19.04.2024

New evidence suggests there’s a much easier way to get a fecal transplant

C. diff is a nasty, toxin-producing bacteria that usually lives in small numbers in the gut. In most healthy people, it’s not much of a threat-trillions of other microbes keep it at bay by out-competing it for for space and food.

But for patients fighting off other infections, C. diff, can be life-threatening.

Fecal transplants are an increasingly useful treatment for a range of ailments-but getting one is not a pleasant process. Now new research into the treatment of Clostridium difficile suggests there may be a much easier way to replenish the beneficial bacteria of the gut that’s just as effective: fecal pills, which are simply swallowed.

Powerful antibiotics administered to treat other infections wipe out all these other bacteria, allowing C. diff to reproduce with abandon. When it does, the toxins it produces can cause bouts of diarrhea and painful intestinal inflammation. Even when more antibiotic treatment can keep it at bay, C. diff infections (CDI) recur about 20% of the time-and can be fatal. Currently, about 500,000 people in the US become ill with CDI, costing the country almost $5 billion.

Four years ago, scientists published data from a clinical trial that found that fecal transplants were more effective at treating CDI than more rounds of even more potent antibiotics. These transplants take a slurry of stool from a healthy donor, and repopulate the gut with a whole new colony of bacteria, rather than trying to eliminate them with antibiotics. The new colony of bacteria once again prevents the C. diff from running rampant. It has become a fairly common treatment-especially in cases where patients have multiple bouts of CDI after treatment (although it isn’t officially approved by the US Food and Drug Administration for this use).

There’s just one problem: getting a fecal transplant is usually pretty invasive and unpleasant.

Getting the right microbes to the right place usually involves a colonoscopy, which is a procedure where the patients is sedated and a delivery tube is inserted through the anus. Sometimes the microbes are delivered through a feeding tube inserted via the nose into the small intestine. Neither of those procedures are particularly pleasant, and both come with their own set of risks, Time reports, including poking holes in the intestines or getting fecal matter in the lungs.

Still, the prevalent thinking among doctors was that this was the best option for treating some patients.
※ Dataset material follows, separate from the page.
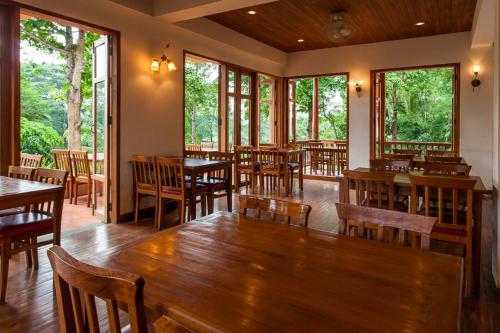 Food and beverages, Riverhouse Resort in Mae Hong Son Food and beverages, Riverhouse Resort in Mae Hong Son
A new study suggests that this may not be the case. On Nov. 28, researchers led by a team based in Canada published the results of a clinical trial where they compared the results of 116 patients who had recurrent CDI (that came back at least three times), and were either treated with a traditional colonoscopy fecal transplant, or given fecal transplant pills instead.

They found (paywall) that pills worked just as well as a colonoscopy delivery of the transplant, curing over 95% of patients in both cases after 12 weeks. Perhaps more importantly, 66% of patients who took pills reported that the experience was “not at all unpleasant”, compared to just 44% of patients who didn’t find the colonoscopy unpleasant.

“I think with this study, we can see that maybe the capsule delivery format is the way to go if you are going to give this type of microbiome-based therapy”, Dina Kao, a gastroenterologist at the University of Alberta in Canada and lead author of the paper, told Time.

The trial didn’t include a placebo group, and it wasn’t blinded. (Practically, it would be pretty obvious to patients whether they were taking 40 pills with water, or being sedated to have a tube inserted anally.) Because of those methodological limitations, researchers need to do more studies to make sure that these results stand up.

In any case, these are promising results that open the door to using pills to give fecal transplants for all sorts of other kinds of health conditions, too, including malnutrition. Considering that most patients who receive these types of transplants are very sick already, making the treatment less risky and more tolerable is ideal.